Deploy a **managed online endpoint** for real-time inference.
- Takes 5-10 minutes to provision
- Requires VM quota for the chosen instance type

Skip this section if batch scoring meets your needs.

In [None]:
# Create and deploy managed online endpoint
online_endpoint_name = os.getenv('AML_ENDPOINT_NAME', f'spam-clf-{uuid.uuid4().hex[:8]}')

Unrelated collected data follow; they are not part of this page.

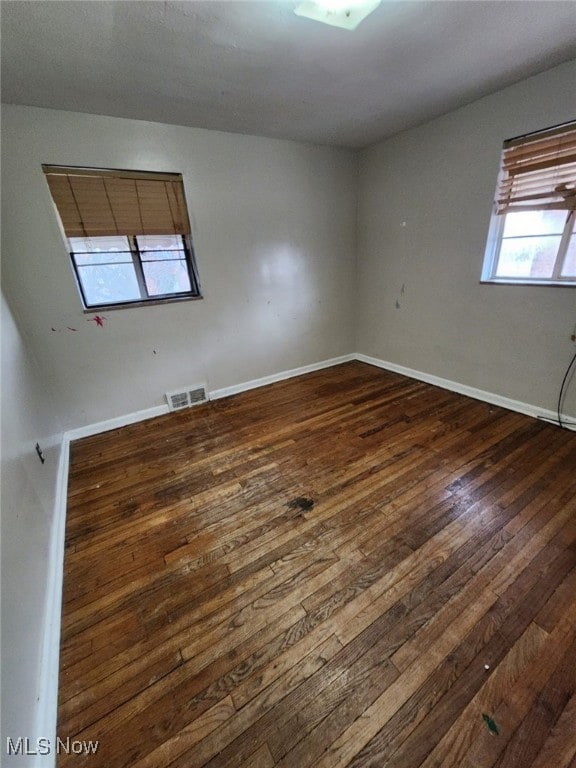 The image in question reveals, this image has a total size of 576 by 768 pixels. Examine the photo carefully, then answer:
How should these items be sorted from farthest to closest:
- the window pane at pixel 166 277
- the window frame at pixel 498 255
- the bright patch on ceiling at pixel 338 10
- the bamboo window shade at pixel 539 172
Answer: the window pane at pixel 166 277 → the window frame at pixel 498 255 → the bamboo window shade at pixel 539 172 → the bright patch on ceiling at pixel 338 10

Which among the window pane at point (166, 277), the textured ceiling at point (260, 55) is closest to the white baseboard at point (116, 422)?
the window pane at point (166, 277)

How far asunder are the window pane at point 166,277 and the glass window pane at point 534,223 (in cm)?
282

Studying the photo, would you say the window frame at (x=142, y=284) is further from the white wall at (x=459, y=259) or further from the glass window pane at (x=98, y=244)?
the white wall at (x=459, y=259)

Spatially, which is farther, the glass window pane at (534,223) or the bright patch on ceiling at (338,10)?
the glass window pane at (534,223)

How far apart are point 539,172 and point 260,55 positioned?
2.06 metres

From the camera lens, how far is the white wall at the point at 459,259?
7.47 feet

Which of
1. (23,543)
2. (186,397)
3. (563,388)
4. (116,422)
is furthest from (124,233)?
(563,388)

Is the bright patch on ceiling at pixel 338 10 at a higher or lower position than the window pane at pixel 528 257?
higher

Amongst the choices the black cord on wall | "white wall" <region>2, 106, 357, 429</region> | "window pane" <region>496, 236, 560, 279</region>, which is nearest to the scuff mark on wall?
"white wall" <region>2, 106, 357, 429</region>

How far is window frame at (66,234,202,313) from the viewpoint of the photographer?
2508 mm

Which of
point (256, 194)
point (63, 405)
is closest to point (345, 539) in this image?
point (63, 405)

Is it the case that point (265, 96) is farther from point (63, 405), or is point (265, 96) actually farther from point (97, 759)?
point (97, 759)

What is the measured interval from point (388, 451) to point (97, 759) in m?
1.98

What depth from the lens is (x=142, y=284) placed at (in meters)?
2.76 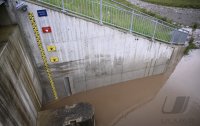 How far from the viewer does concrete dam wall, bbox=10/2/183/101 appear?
6.93 metres

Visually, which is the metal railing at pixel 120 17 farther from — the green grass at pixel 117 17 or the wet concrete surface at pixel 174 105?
the wet concrete surface at pixel 174 105

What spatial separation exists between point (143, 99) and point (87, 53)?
11.9ft

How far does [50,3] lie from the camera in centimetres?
670

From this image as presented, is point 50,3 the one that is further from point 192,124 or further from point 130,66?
point 192,124

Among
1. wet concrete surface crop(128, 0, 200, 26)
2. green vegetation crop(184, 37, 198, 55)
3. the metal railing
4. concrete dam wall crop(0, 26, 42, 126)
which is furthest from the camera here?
wet concrete surface crop(128, 0, 200, 26)

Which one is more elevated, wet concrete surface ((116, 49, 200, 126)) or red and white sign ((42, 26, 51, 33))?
red and white sign ((42, 26, 51, 33))

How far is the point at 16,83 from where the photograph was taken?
218 inches

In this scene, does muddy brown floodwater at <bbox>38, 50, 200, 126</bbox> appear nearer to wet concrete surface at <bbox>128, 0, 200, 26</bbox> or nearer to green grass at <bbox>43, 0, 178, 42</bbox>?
green grass at <bbox>43, 0, 178, 42</bbox>

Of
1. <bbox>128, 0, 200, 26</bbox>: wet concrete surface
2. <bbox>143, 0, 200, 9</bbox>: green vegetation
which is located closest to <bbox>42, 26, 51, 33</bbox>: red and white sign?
<bbox>128, 0, 200, 26</bbox>: wet concrete surface

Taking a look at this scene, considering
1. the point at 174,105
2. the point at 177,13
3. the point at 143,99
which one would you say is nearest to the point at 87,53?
the point at 143,99

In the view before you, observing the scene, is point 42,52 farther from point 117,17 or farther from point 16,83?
point 117,17

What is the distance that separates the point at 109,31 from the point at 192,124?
5.20 metres

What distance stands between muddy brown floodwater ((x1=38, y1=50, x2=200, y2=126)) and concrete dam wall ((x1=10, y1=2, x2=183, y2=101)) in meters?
0.41

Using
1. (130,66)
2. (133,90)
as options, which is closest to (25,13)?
(130,66) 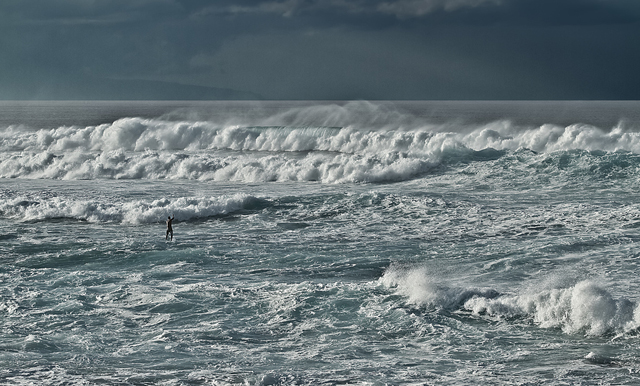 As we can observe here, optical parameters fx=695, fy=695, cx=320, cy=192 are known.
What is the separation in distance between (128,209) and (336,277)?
1176 centimetres

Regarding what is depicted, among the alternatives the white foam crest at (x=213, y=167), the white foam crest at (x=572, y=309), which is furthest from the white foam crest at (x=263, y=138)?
the white foam crest at (x=572, y=309)

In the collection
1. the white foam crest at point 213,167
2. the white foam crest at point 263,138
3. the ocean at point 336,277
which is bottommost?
the ocean at point 336,277

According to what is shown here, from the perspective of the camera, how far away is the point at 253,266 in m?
17.7

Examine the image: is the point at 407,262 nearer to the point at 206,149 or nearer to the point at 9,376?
the point at 9,376

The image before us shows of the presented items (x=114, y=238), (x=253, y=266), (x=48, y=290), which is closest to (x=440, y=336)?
(x=253, y=266)

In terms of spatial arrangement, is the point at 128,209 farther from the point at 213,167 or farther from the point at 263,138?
the point at 263,138

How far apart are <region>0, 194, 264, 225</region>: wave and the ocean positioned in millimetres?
78

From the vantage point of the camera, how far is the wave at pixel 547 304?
12.6 metres

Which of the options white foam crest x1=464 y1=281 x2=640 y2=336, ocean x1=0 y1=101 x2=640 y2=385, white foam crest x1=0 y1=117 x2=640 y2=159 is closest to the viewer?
ocean x1=0 y1=101 x2=640 y2=385

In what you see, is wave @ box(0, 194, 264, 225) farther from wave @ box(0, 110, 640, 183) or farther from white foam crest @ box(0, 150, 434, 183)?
wave @ box(0, 110, 640, 183)

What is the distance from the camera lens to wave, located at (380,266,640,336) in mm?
12648

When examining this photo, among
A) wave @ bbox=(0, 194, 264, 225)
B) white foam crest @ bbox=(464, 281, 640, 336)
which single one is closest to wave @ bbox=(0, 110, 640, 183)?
wave @ bbox=(0, 194, 264, 225)

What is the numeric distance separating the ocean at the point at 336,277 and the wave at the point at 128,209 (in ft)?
0.26

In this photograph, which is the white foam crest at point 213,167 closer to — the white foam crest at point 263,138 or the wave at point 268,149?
the wave at point 268,149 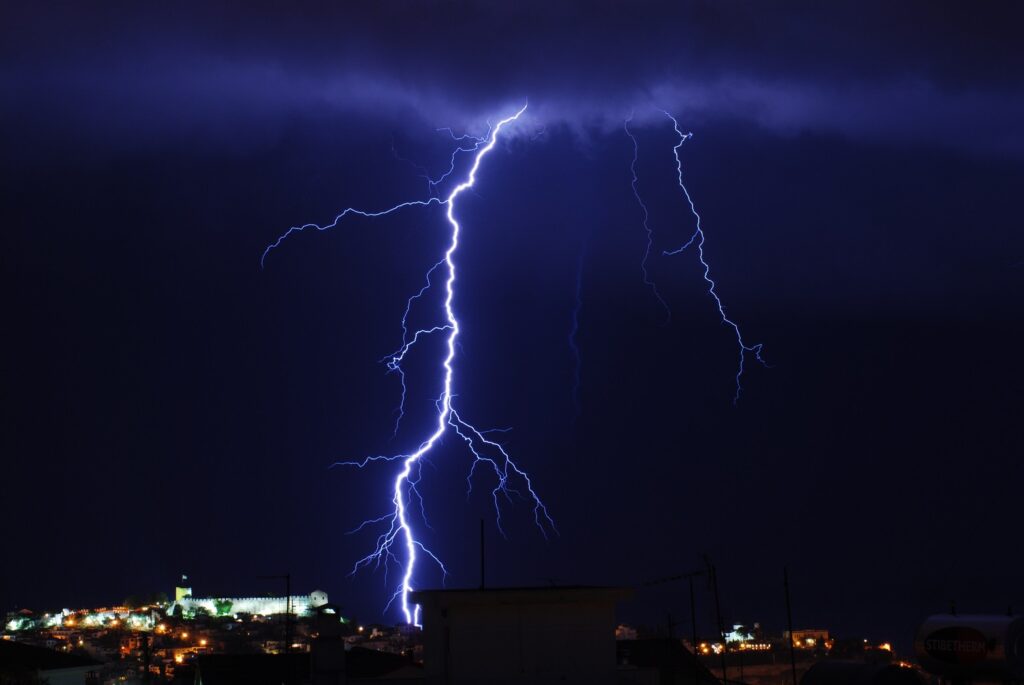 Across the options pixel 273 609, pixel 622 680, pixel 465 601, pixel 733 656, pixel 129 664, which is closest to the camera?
pixel 465 601

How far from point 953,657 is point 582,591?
4391mm

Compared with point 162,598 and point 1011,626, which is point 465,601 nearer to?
point 1011,626

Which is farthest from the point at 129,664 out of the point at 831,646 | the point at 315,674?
the point at 831,646

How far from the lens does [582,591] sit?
12.4 meters

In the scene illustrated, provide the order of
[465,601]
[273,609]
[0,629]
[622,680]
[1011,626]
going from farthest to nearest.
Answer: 1. [273,609]
2. [0,629]
3. [622,680]
4. [465,601]
5. [1011,626]

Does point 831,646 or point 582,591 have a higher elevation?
point 582,591

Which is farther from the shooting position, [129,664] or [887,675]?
[129,664]

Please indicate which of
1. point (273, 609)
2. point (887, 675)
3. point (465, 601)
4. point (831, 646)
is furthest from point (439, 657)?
point (273, 609)

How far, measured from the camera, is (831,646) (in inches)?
2063

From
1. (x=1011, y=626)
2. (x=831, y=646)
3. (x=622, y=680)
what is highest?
(x=1011, y=626)

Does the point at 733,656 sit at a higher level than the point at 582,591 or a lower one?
lower

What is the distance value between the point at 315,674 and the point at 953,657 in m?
6.69

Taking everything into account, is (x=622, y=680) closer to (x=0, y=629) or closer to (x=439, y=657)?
(x=439, y=657)


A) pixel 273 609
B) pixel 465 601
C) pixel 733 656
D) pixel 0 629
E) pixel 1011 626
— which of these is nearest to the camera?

online_endpoint = ManagedOnlineEndpoint(
    name=online_endpoint_name,
    description='Spam classification endpoint',
    auth_mode='key',
    tags={'environment': 'workshop'},
)

print(f'Creating endpoint: {online_endpoint_name}')
ml_client.online_endpoints.begin_create_or_update(online_endpoint).result()
print('Endpoint created!')

online_deployment = ManagedOnlineDeployment(
    name='blue',
    endpoint_name=online_endpoint_name,
    model=f'azureml:{registered_model.name}:{registered_model.version}',
    instance_type='Standard_DS3_v2',
    instance_count=1,
)

print('Creating deployment (5-10 min)...')
ml_client.online_deployments.begin_create_or_update(online_deployment).result()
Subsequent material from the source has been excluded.